Figure 5: Recognition Determinants

Evaluation of Algorithm using K-fold cross validation

      Following the development of model by training data fitting, evaluation should be made to assess the performance of the prediction. k-fold cross-validation is proposed to measure the performance (Figure 6). Essentially, the validation test divides a randomly shuffled dataset into k non-overlapping folds of approximately equal size and is trained k times. With one of the group being hold as the validation set, the remaining data (k-1) is being trained with the classifier. For each iteration with the respective k value, the error is calculated by averaging the values in the loop, or using 1-F1 score where F1-score is determined with true positives(TP), true negatives(TN), false positives(FP) and false negatives(FN). Classification performance can also be evaluated with different measurements including sensitivity, specificity, precision and accuracy. With the performance result received and analysed, further model-tuning actions can be implemented by polishing feature selection, model selection, and parameter tuning.

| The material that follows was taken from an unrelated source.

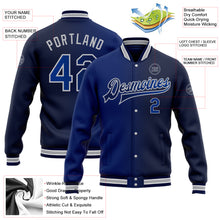 Load image into Gallery viewer, Custom Navy Royal-Gray Bomber Full-Snap Varsity Letterman Gradient Fashion Jacket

Figure 6: k-fold cross validation

      With the final test data being inputted for final evaluation, with a satisfying and accurate enough model developed, the desired degradation tag sequences can be fed to predict their categories to be classified into.



      The prediction of a machine learning model is highly likely to require concerted efforts, both in wet lab and dry lab. Wet lab experiments offers valuable authentic data for in-silico simulation, while dry lab computerized the experimental results to perform less expensive, timesaving and systematic work. In fact, the framework above extends to different analysis that is beyond the construction of degradation tag library. It also demonstrates how we emphasize the possibility to use machine learning in studying biological systems, especially in the field of synthetic biology.